RECORDED DATA Block Start

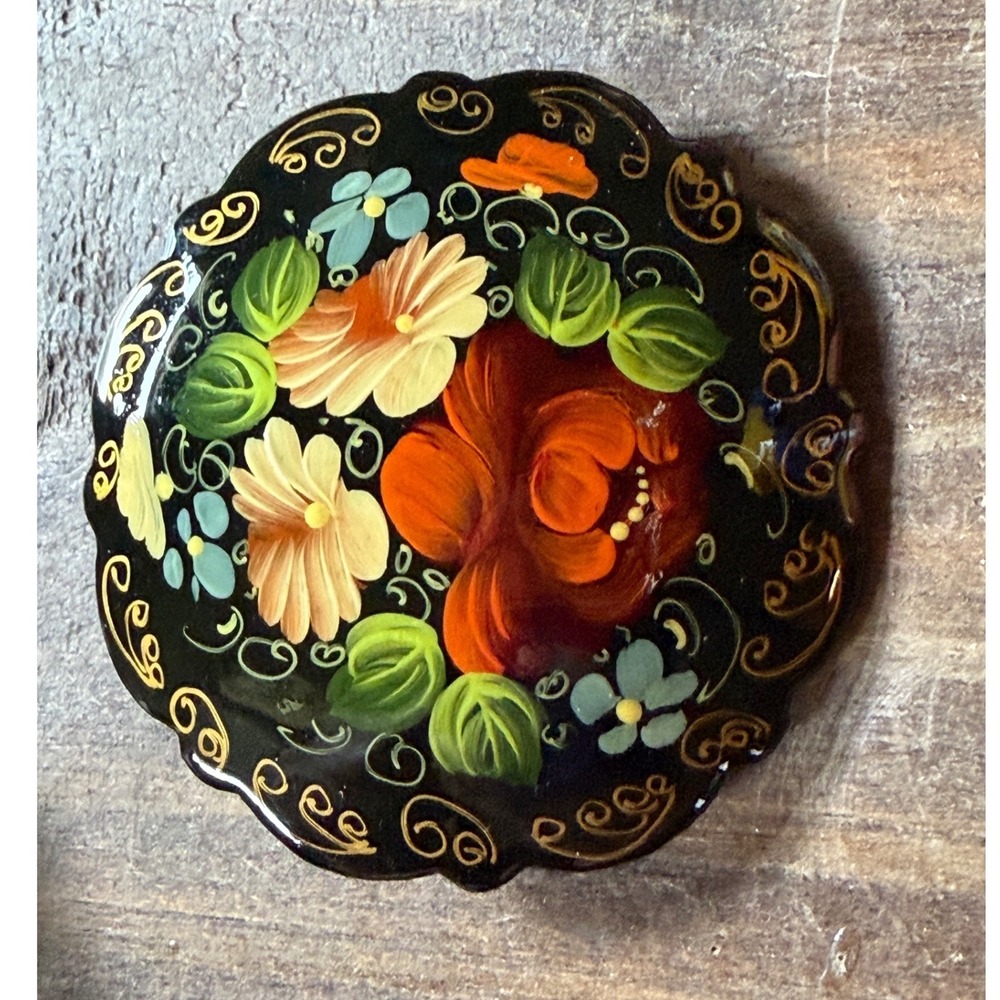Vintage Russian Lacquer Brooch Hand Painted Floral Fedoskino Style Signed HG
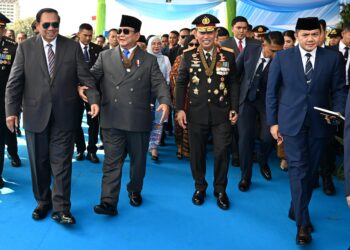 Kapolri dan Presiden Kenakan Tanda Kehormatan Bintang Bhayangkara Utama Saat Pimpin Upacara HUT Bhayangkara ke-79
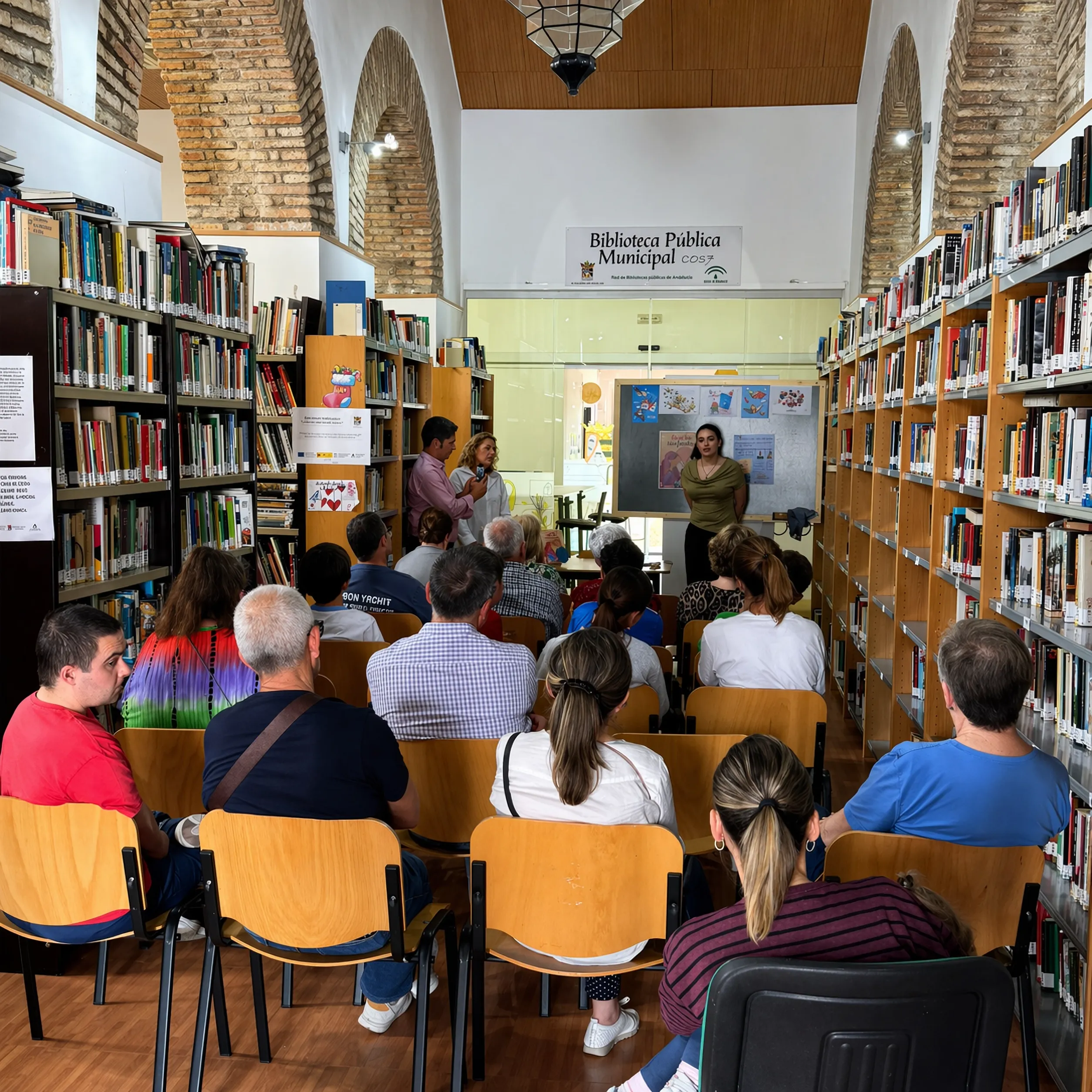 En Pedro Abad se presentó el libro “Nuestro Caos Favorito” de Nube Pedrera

RECORDED DATA Block End
RECORDED DATA Block Start

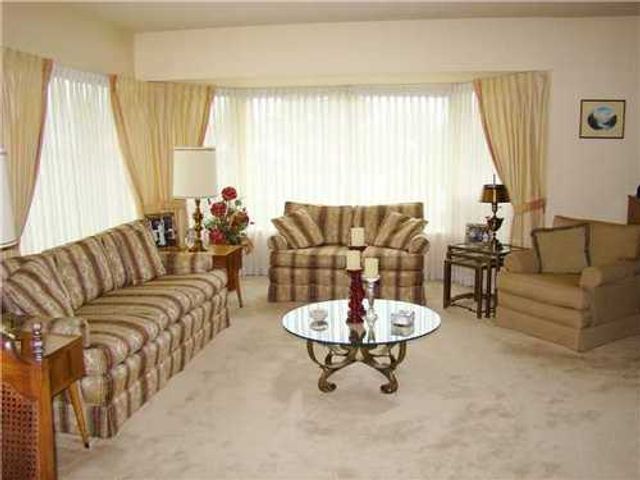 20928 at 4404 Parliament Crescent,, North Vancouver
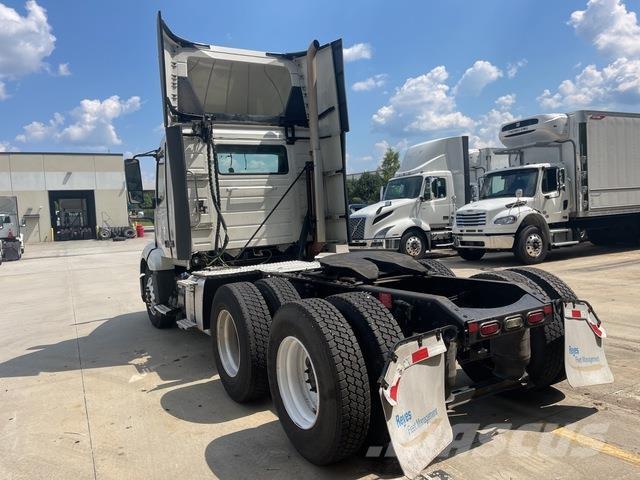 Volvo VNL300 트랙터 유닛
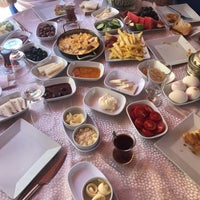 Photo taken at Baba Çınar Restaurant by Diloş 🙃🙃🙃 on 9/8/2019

RECORDED DATA Block End

* _EXERCISE_: Reproduce the lines above beginning at the line that contains "20928 at 4404" and ending at the line that contains "Photo taken at". No pictures.

* _TASK RESULT_:
 20928 at 4404 Parliament Crescent,, North Vancouver
 Volvo VNL300 트랙터 유닛
 Photo taken at Baba Çınar Restaurant by Diloş 🙃🙃🙃 on 9/8/2019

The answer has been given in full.